Für die ausbleibenden Einnahmen durch nicht erfolgte Behandlungen und Eingriffe brauchten die Kliniken angemessene Ausgleichszahlungen. Die Krankenhäuser hatten vergangenen Winter vom Bund entsprechende Freihaltepauschalen pro Bett erhalten, damit die Kliniken ihre Ressourcen für Covid-19-Fälle schonen können.

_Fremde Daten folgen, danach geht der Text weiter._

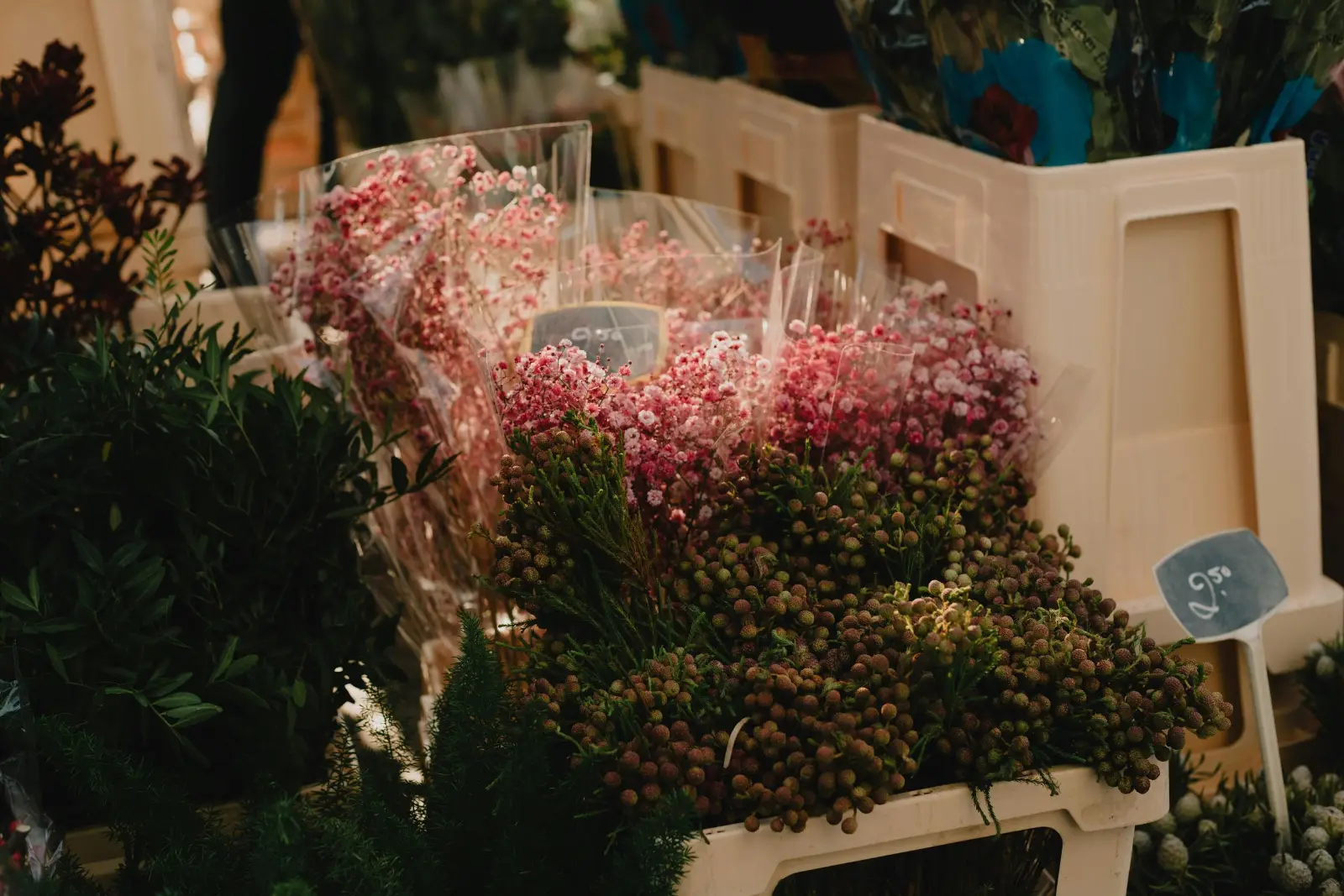 Fresh flowers and plants at a Dutch flower market stall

Kinderkliniken bereits durch andere Viren belastet

Trotz derzeit noch vergleichsweise wenigen schweren Covid-19-Fällen wird die Lage dadurch verschärft, dass bundesweit weniger Intensivbetten zur Verfügung stehen als vor einem Jahr. Hintergrund sind erschöpfte Pflegekräfte, die wegen Krankheit oder Jobwechsel fehlen. "Nicht vergessen werden darf auch die Lage auf den Kinderstationen", sagte Schreiner. "Die Infektionen mit dem Respiratorischen Synzytial-Virus, kurz RSV, belasten Personal und Kapazitäten bereits heute dort massiv." Zuletzt mussten Kinder aus Berlin nach Cottbus verlegt werden.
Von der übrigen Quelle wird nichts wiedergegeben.